Quelle que soit votre surface d'arrivée, conservez le plus longtemps possible la position allongée : elle vous ralentit en dessous de 200km/h, même à la vitesse terminale(6).

À tout moment, ne vous laissez pas atteindre par le découragement : votre état d'esprit reste extrêmement important. Pensez que la limite mortelle pour une chute n'est que de 10m ! Et encore, eux n'ont pas le temps d'admirer le paysage ou de préparer leur atterrissage comme vous pouvez le faire. Haut les cœurs, tout n'est pas fini ! Sur les milliers de personnes dans votre situation, 42 personnes sont connues pour avoir survécu(7). Pourquoi déprimer ?

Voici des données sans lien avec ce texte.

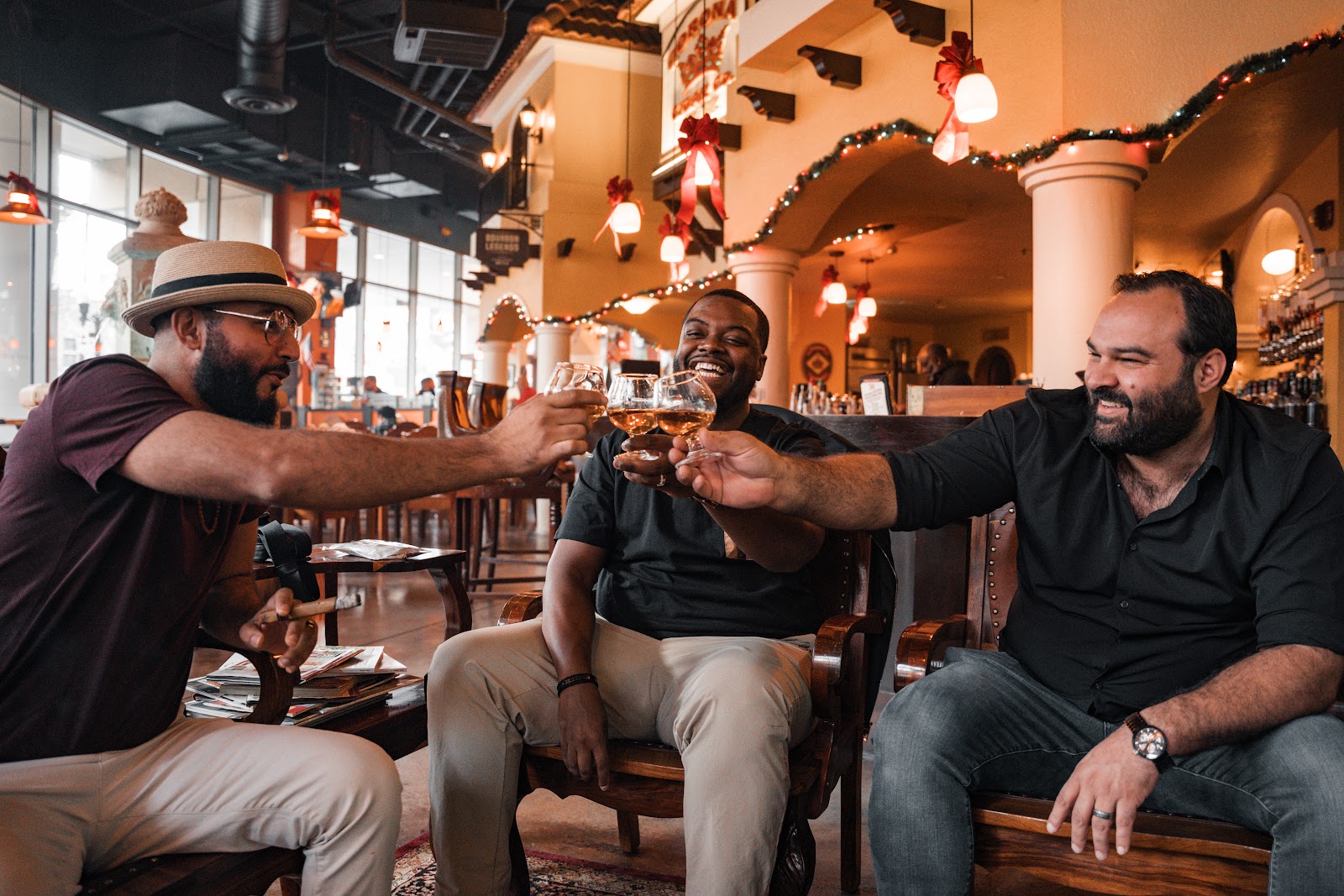 Corona Cigar Company & Diamond Crown Lounge photo 6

De toute façon, il n'est maintenant plus temps de réfléchir ; lire cet article a fait passer agréablement le temps, mais il faut maintenant passer aux choses sérieuses. Prenez votre position et priez.

Impact.

Toujours là ? Mauvaise nouvelle, ce n'est pas fini : considérant votre force d'arrivée, un rebond est à prévoir. Une nouvelle fois, protégez votre tête : ce serait bête de mourir après avoir survécu au gros choc !
Enfin, prévenez rapidement un médecin : l'adrénaline accumulée pendant ces deux minutes infernales vous empêchera de ressentir une quelconque douleur mais vous avez selon toutes probabilités des fractures et des hémorragies internes.
Vous êtes en mer ou perdu loin de toute civilisation, incapable d'appeler au secours ? C'est vraiment dommage. Mais c'est ici que s'arrête cet article.

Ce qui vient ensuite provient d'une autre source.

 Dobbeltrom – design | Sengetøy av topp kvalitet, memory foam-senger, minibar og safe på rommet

  1. (1) Théoriquement impossible, les portes s'ouvrant vers l'extérieur. En revanche, si quelqu'un répandait du mercure
  2. (2) Totalement impossible : l'idée que les toilettes des avions retombent directement sur Terre est une légende urbaine tenace.
  3. (3) « Quoi ! Mais tu as dit qu'il ne fallait jamais sauter à travers une verrière ! » C'est tout à fait exact. Mais ici, il ne s'agit pas de sauter, mais de tomber : conservons le sens des priorités.
  4. (4) Maigre consolation : contrairement au béton, personne ne pourra voir votre corps réduit à l'état de peinture 2D, puisqu'il disparaîtra englouti par les flots.
  5. (5) Le simple fait de plier les genoux diminue la force d'impact par 36.
  6. (6) Contrairement à des croyances bien répandues, votre vitesse ne va pas toujours croissante : elle grandira rapidement au début pour finalement atteindre un maximum au-delà de laquelle les frottements compenseront l'accélération de la gravité. Cette vitesse terminale est très rapidement atteinte, en à peine une quinzaine de secondes.
  7. (7) Et encore. Sur ces 42 personnes, 31 ont survécu parce qu'elles se sont entourés de débris (sièges, cadavres, débris d'avion…) ralentissant ainsi leur chute et absorbant en partie l'énergie du choc.